*Requirement*:
Below are records to give again exactly; omit each image they contain.
○ ○ ○ ○ ○ ○ ○
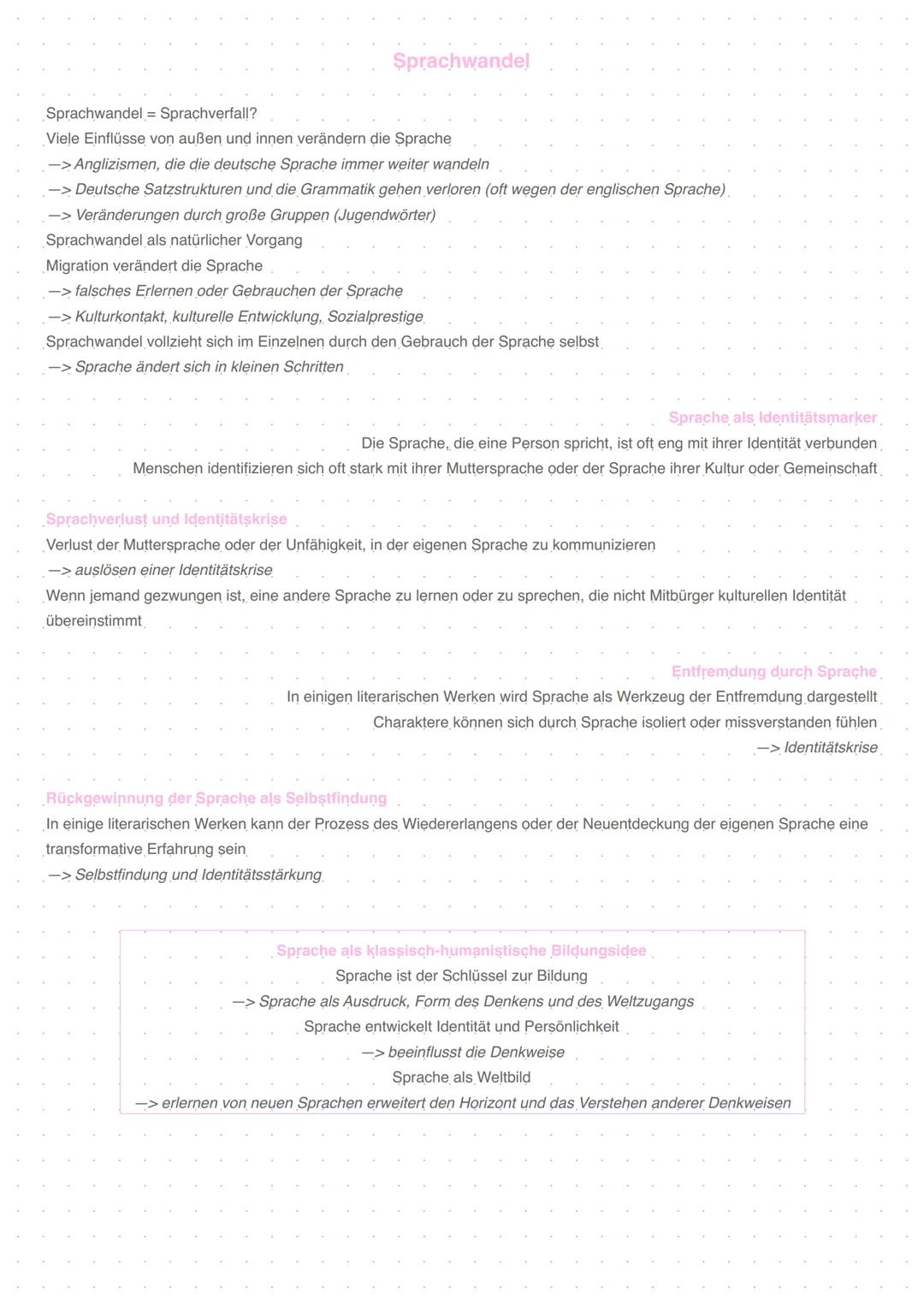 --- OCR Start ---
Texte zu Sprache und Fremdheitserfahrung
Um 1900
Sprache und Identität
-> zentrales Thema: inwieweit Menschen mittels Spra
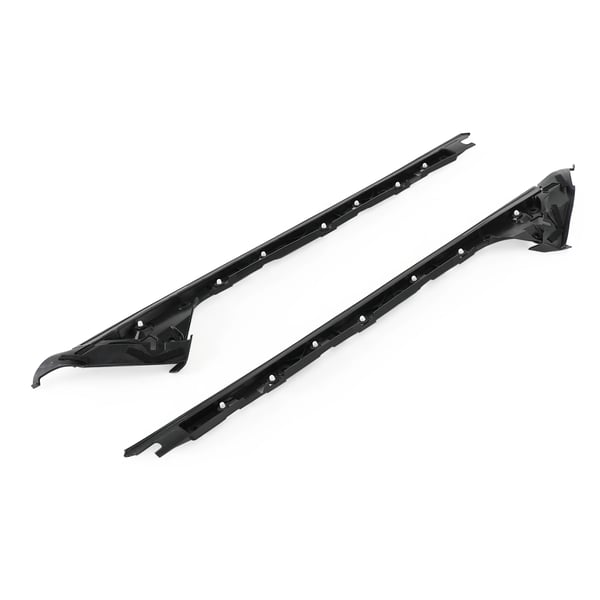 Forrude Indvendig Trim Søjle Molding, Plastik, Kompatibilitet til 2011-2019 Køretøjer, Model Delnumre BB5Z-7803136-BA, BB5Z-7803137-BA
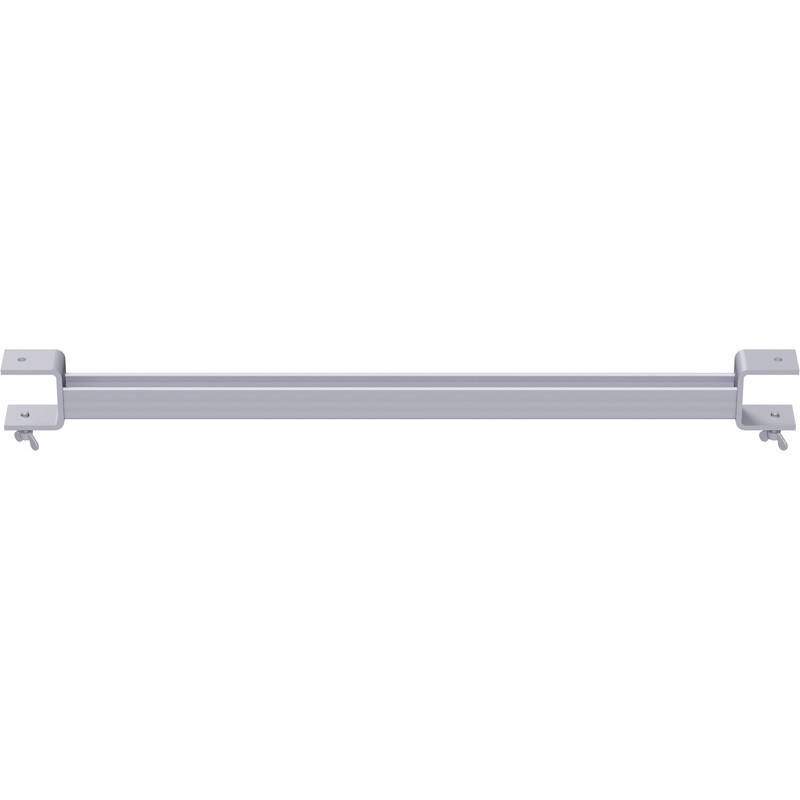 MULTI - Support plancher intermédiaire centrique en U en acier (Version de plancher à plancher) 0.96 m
○ ○ ○ ○ ○ ○ ○
*Written answer*:
 --- OCR Start ---
Texte zu Sprache und Fremdheitserfahrung
Um 1900
Sprache und Identität
-> zentrales Thema: inwieweit Menschen mittels Spra
 Forrude Indvendig Trim Søjle Molding, Plastik, Kompatibilitet til 2011-2019 Køretøjer, Model Delnumre BB5Z-7803136-BA, BB5Z-7803137-BA
 MULTI - Support plancher intermédiaire centrique en U en acier (Version de plancher à plancher) 0.96 m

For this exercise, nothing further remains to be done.